## [Assigned task]
For this listing, reproduce the line with "Officer Vector Design", the line with "Business Innovation Lab", and the lines between, exactly as they stand. Leave out pictures and all other lines.

## [Stored data]
::::::::::

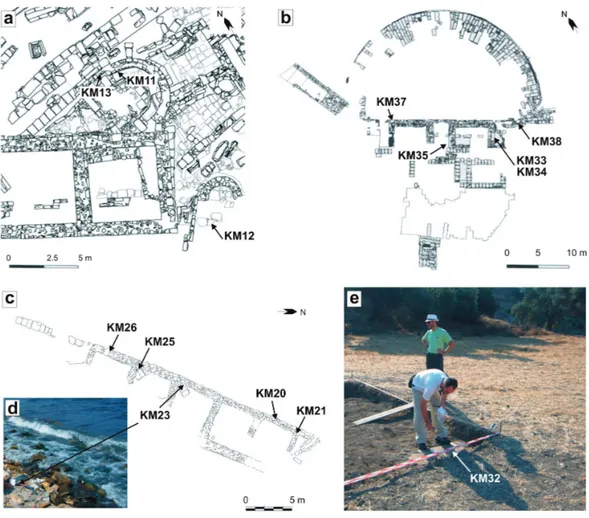 Figure 2. Sampling of the mortars with the location of the samples. a) Sketch map of the Agora with location  of the plaster samples in Church 1 and Church 2; b) Sketch map of the Theatre with location of joint mortar  and plaster samples; c) Sketch map of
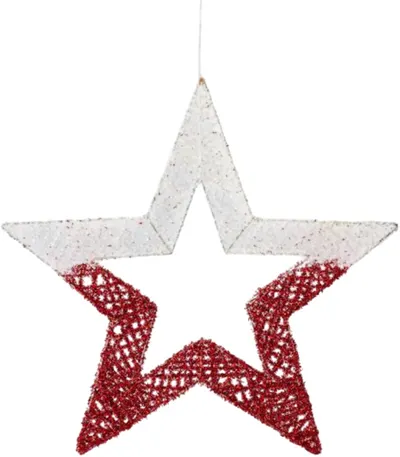 Decorare Eurolamp - Stea, 45 cm, alb-roșie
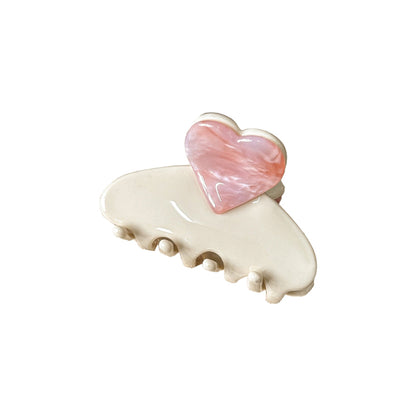 Cute Heart Acetate Small Hair Claw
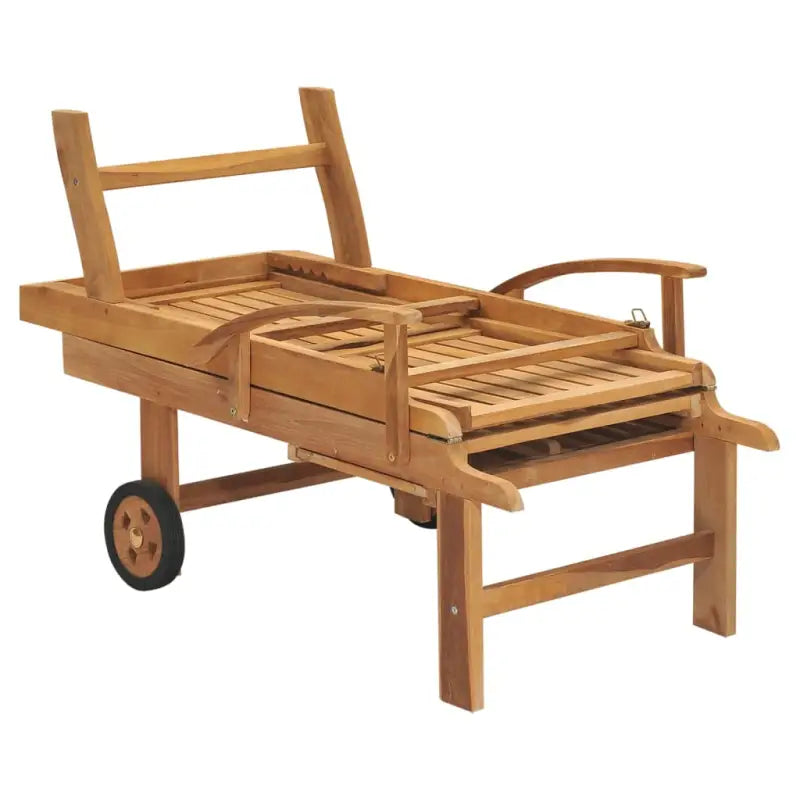 Fijn geschuurd houten loungebed met retro design voor buitenruimtes - Ligstoelen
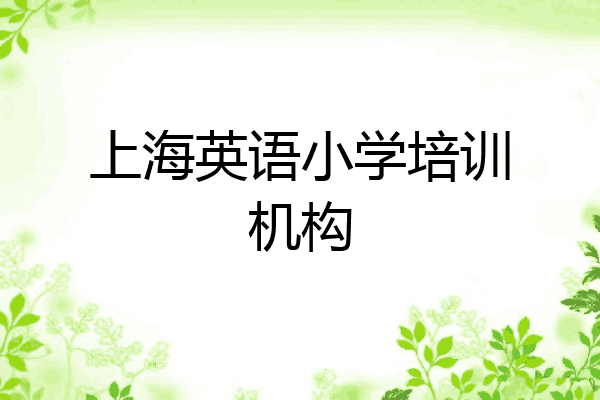 上海英语小学培训机构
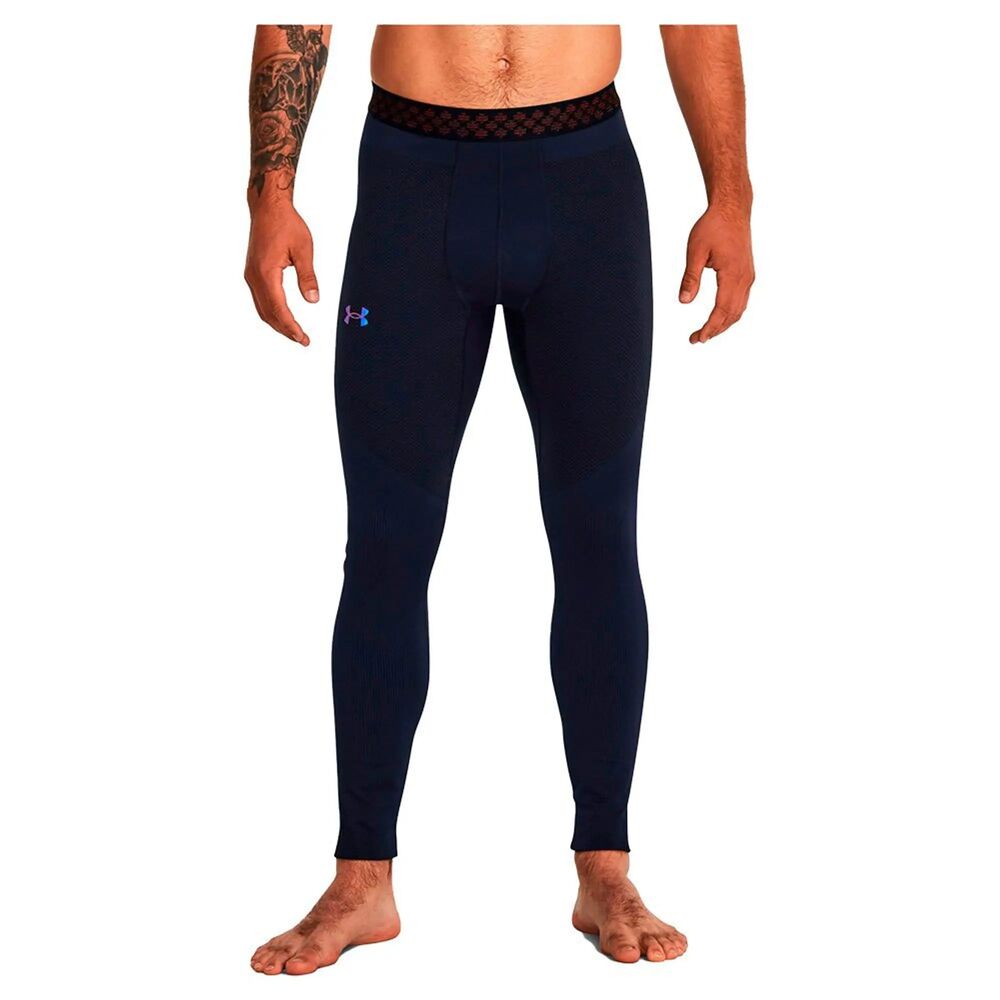 Under Armour UA Rush Compression Tights 1379284 Navy Cold Gear Running Men Small
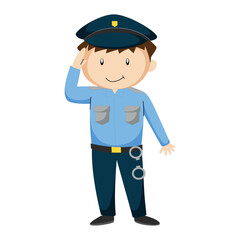 Officer Vector Design Saluting Policeman Character Illustration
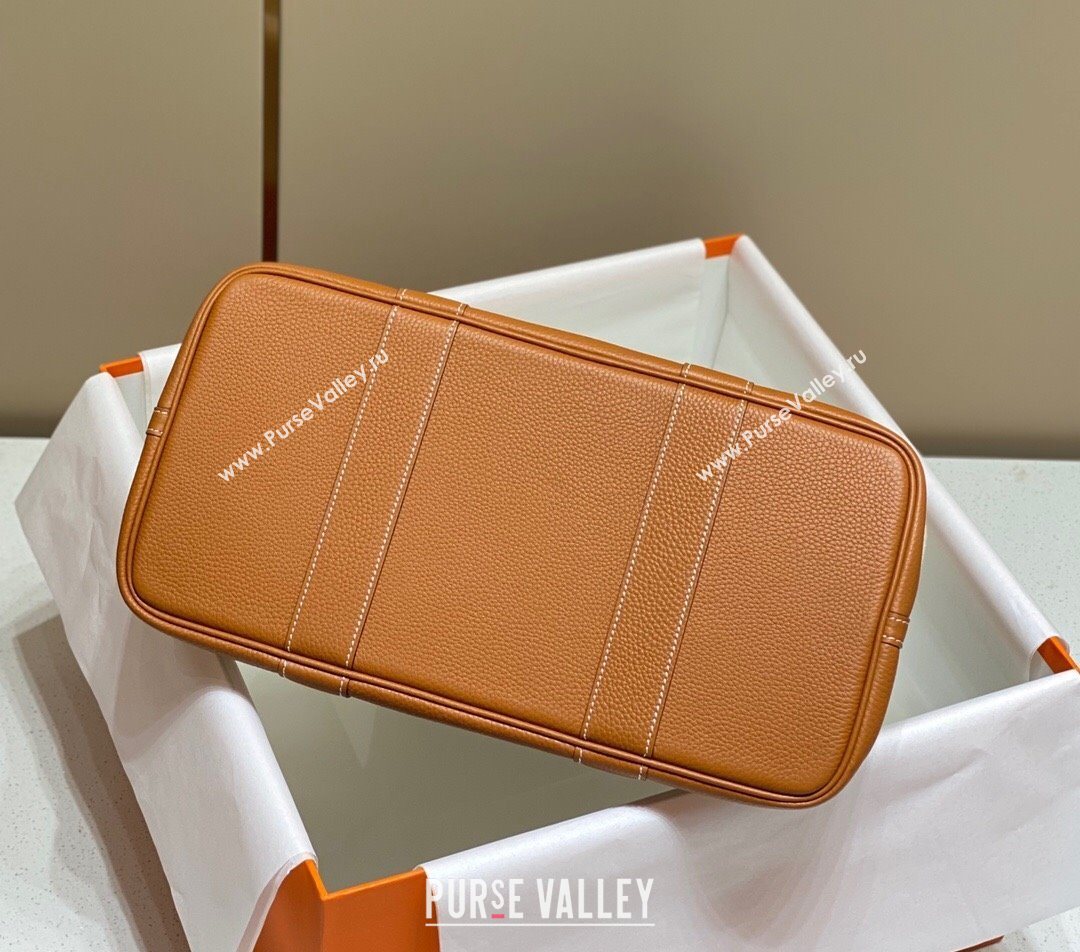 Hermes Garden Party Bag 36cm in Canvas and Grained Leather Beige/Brown 20250522 (FL-250522068)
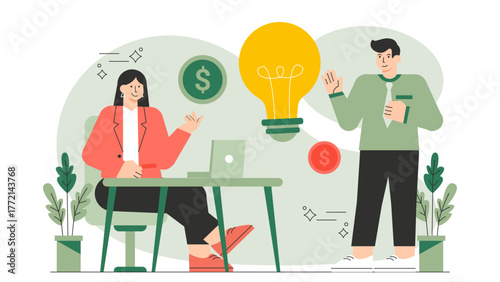 Business Innovation Lab and Creative Workspace Flat Vector Illustration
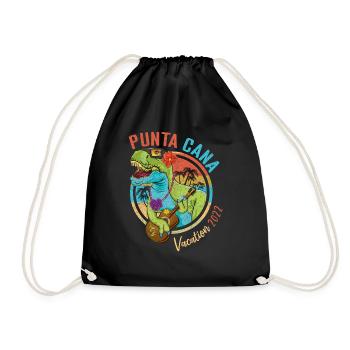 Vintage Punta Cana Vacances 2022 Été Tropical - Sac de sport léger - noir - Devant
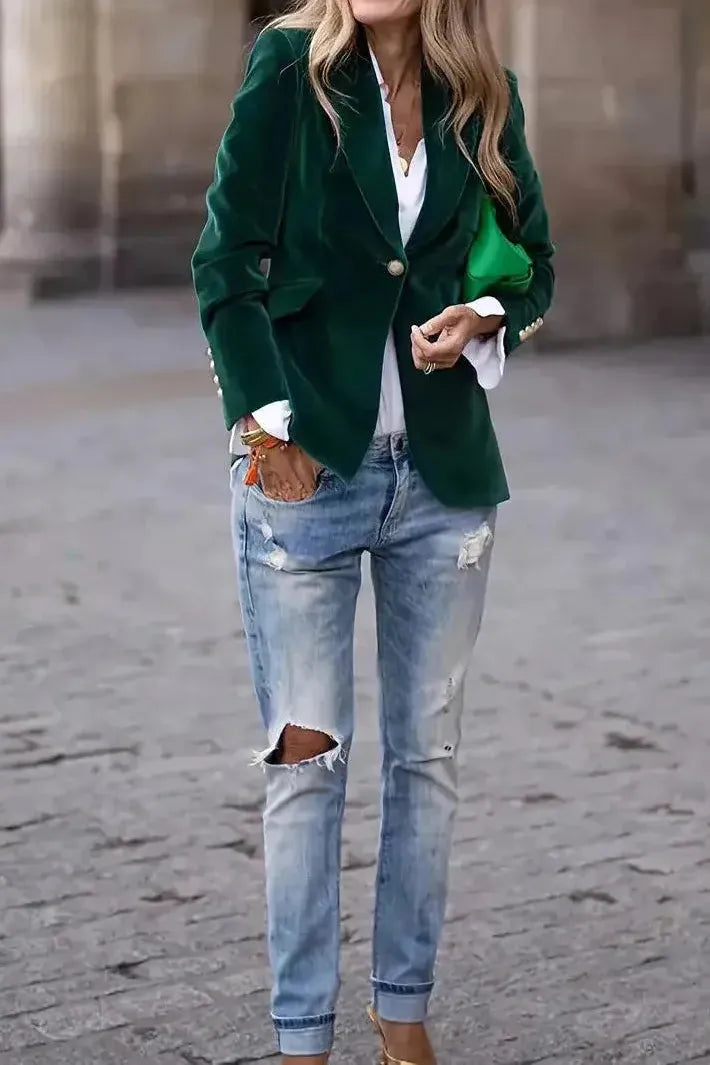 Women's Tailored Blazer with Gold Buttons - Effortless Elegance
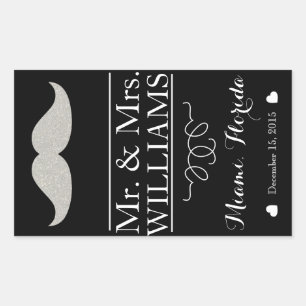 custom Wedding wine bottle label table moustache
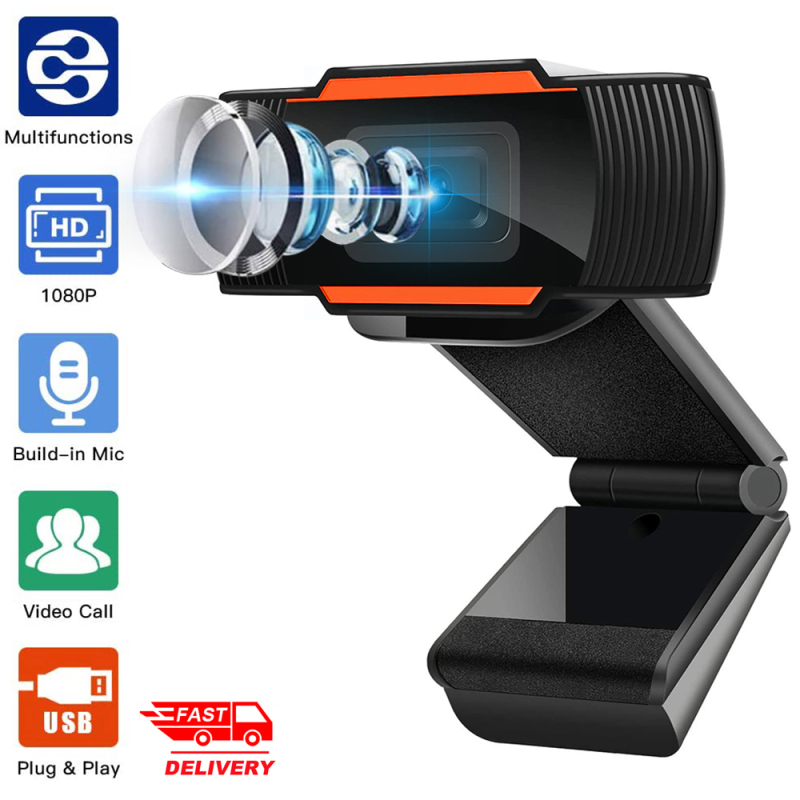 Webcam Máy Tính kẹp, Camera Có Mic 1080p Cho Laptop Học Online ZOOM, Trực Tuyến- Hội Họp-Gọi Video Hình Ảnh Sắc Nét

::::::::::

## [Problem solution]
 Officer Vector Design Saluting Policeman Character Illustration
 Hermes Garden Party Bag 36cm in Canvas and Grained Leather Beige/Brown 20250522 (FL-250522068)
 Business Innovation Lab and Creative Workspace Flat Vector Illustration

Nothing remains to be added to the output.